Foto: Kzenon – stock.adobe.com

DAZ: Nächstes und sehr aktuelles Thema für die BAK sind sicher, die Erfahrungen aus der Corona-Krise in die Regelversorgung in den Apotheken zu transferieren. Welche Forderungen stellen Sie hierbei auf?

Benkert: Die Herstellung von Desinfektionsmitteln muss unkompliziert und unbürokratisch in den Apotheken stattfinden können – und zwar jederzeit und ohne Ausnahmegenehmigungen. Das heißt, die Desinfektionsmittel müssen raus aus der Biozid-Verordnung und wieder dem Arzneimittelbereich zugeordnet werden. Weiterhin brauchen wir für die Versorgung der Patienten mit Fertigarzneimitteln freie Hand. Auch hier müssen die Erleichterungen beim Austausch von nicht verfügbaren Rabattarzneimitteln verstetigt werden. Über das Botendiensthonorar haben wir ja bereits vorhin gesprochen.

DAZ: Stichwort: E-Rezept – welche Baustellen sind hier noch offen?

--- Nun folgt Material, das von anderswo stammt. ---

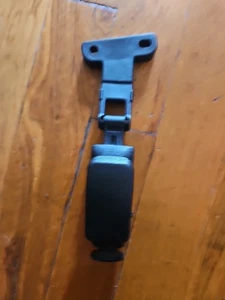 99-02 Nissan Quest Mercury Villager Sliding Door Window Latch Right Passengers - Picture 1 of 2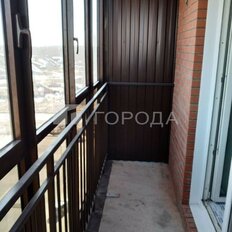 Квартира 30,4 м², студия - изображение 4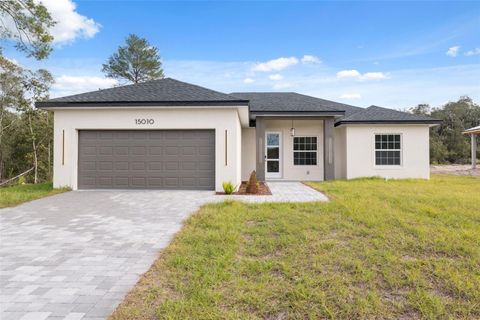 Photo of 15010 SW 24th Circle, Ocala, FL 34473 (MLS # O6368625)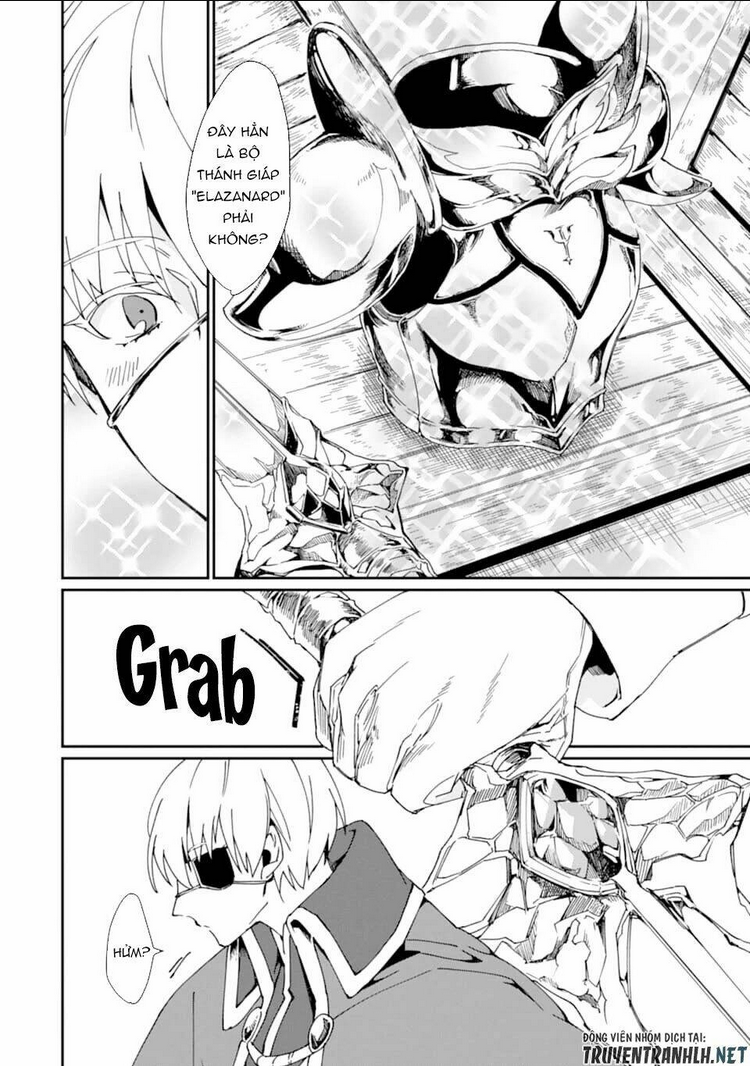 Saikyou Yuusha Wa Oharai Hako: Maou Ni Nattara Zutto Ore No Musou Return Chap 21 - Next Chap 22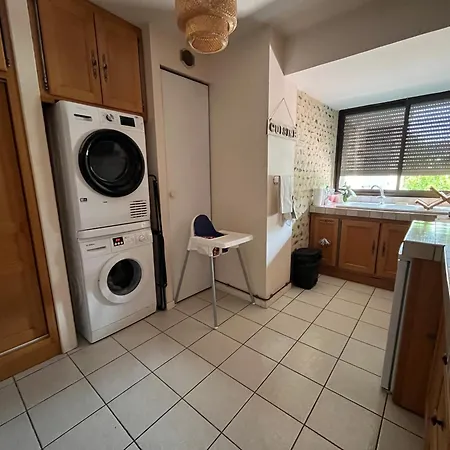 Le Sevirqueno Tatil Evi
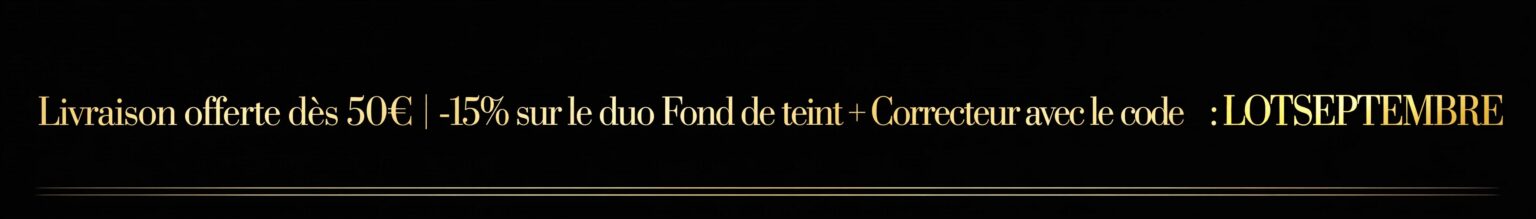 luxury announcement banner 3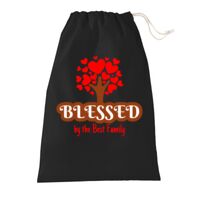 Cotton stuff bag Thumbnail
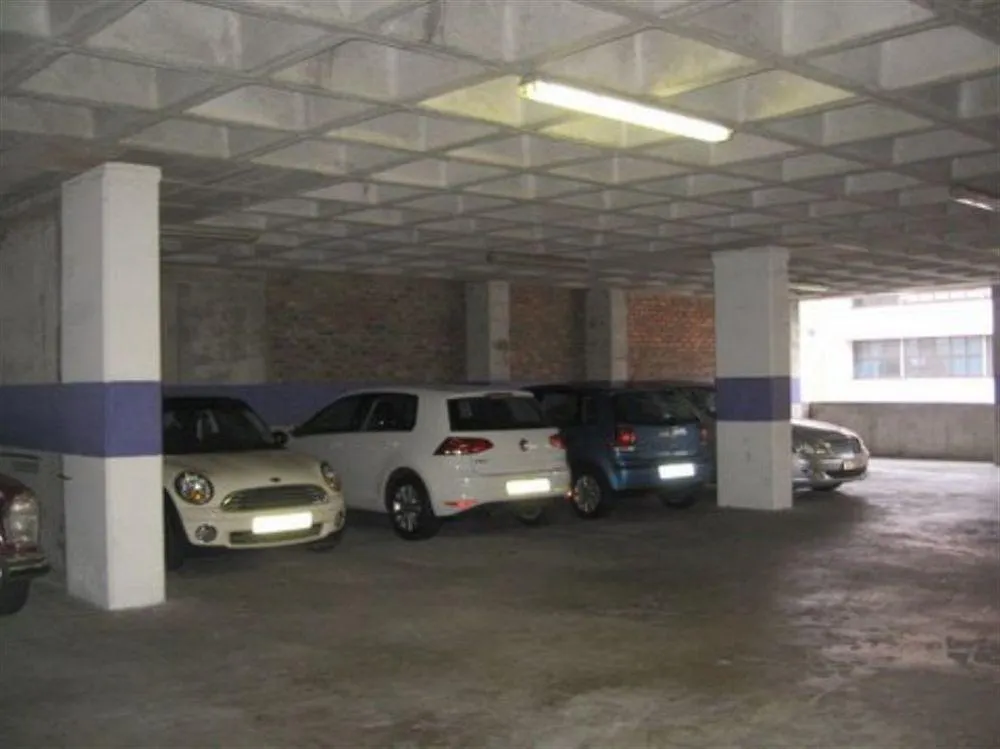 Apartamento 1109 The Decks At 67 Long Street Ciudad del Cabo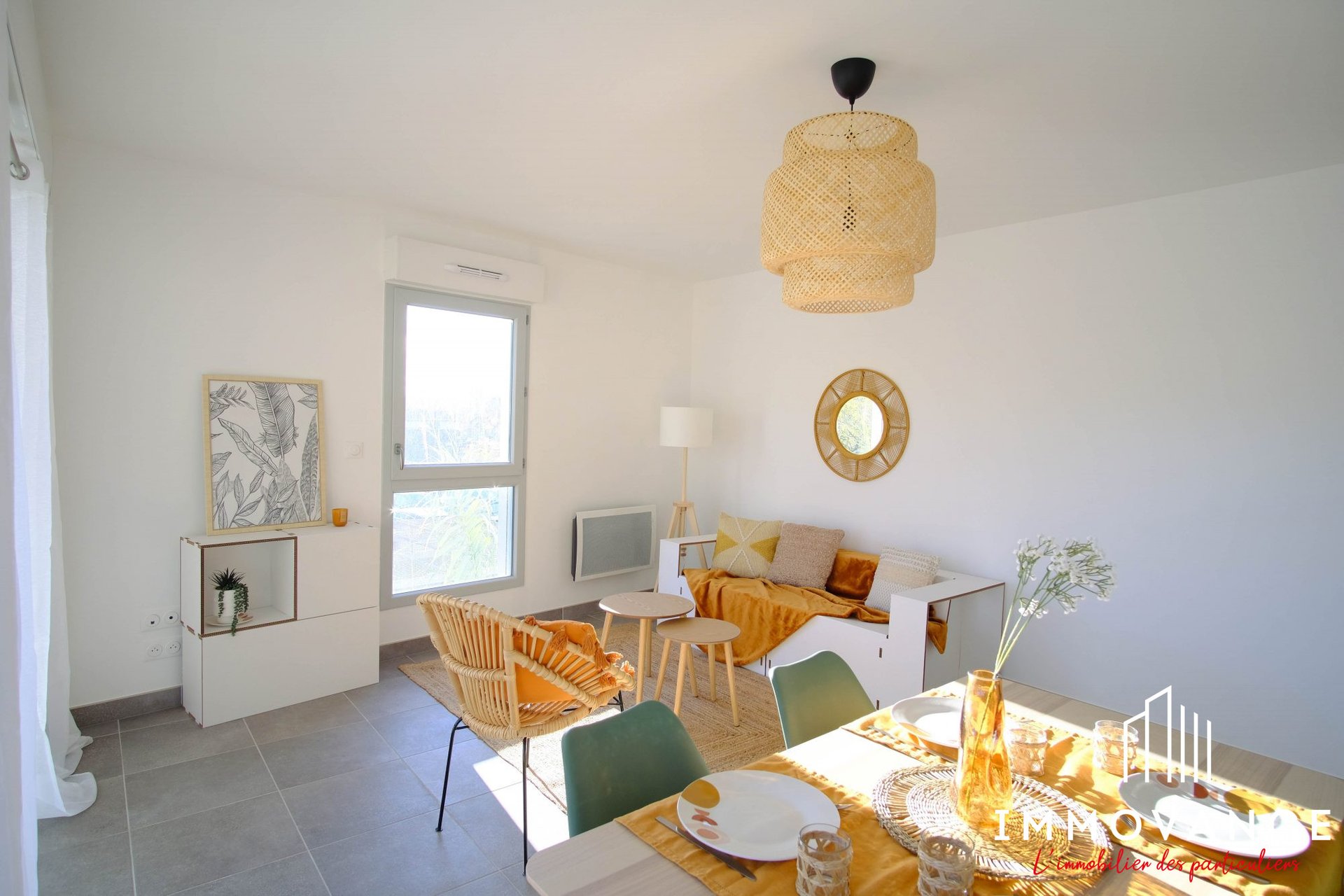 Appartement à vendre, 65m², Castelnau-le-Lez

Benkert: Ganz klar die technische Absicherung des Makelverbots! Wir fordern unmissverständlich, dass ein Geschäftemachen mit der Weiter­leitung von E-Rezepten technisch unmöglich gemacht werden muss.

DAZ: Kommen wir zum Schluss nochmal zu den Wahlen an der ABDA-Spitze: Die einzelnen Personalfragen scheinen sich ja nun zu lichten. Thomas Dittrich aus Sachsen bewirbt sich als Vorsitzender des Deutschen Apothekerverbandes (DAV). Damit wäre eine bayerische Doppel-Spitze mit Ihnen als BAK-Präsident und Dr. Hans-Peter Hubmann als DAV-Vorsitzender verhindert. Wie bewerten Sie die Verteilung der Ämter?

Benkert: Nach meinem Dafürhalten hätte überhaupt nichts dagegen gesprochen, wenn zwei Personen aus einem Bundesland auch auf Bundesebene Verantwortung übernehmen. Das hat es schon in der Vergangenheit gegeben. Erinnern wir uns nur an die gemeinsame Amtszeit von Heinz-Günter Wolf als ABDA-Präsident und Magdalene Linz als BAK-Präsidentin.

DAZ: Was sagen Sie zu allen nun bekannt gewordenen Kandidaturen?

Benkert: Zum Glück leben wir in einem Land mit demokratischen und freien Wahlen. Warten wir doch einfach ab und lassen Sie uns die, die in die Verantwortung geschickt werden, am Erfolg ihrer Arbeit messen.

DAZ: Ursula Funke aus Hessen hat bekannt gegeben, als BAK-Vizepräsidentin zu kandidieren.

Benkert: Ich kenne Frau Funke bereits recht lange, schätze ihr Engagement und ihre Arbeit nicht nur auf Landesebene, sondern auch im BAK-Vorstand sehr und würde mich wirklich außerordentlich freuen, wenn wir auch künftig zum Wohl des Berufsstands zusammenarbeiten würden.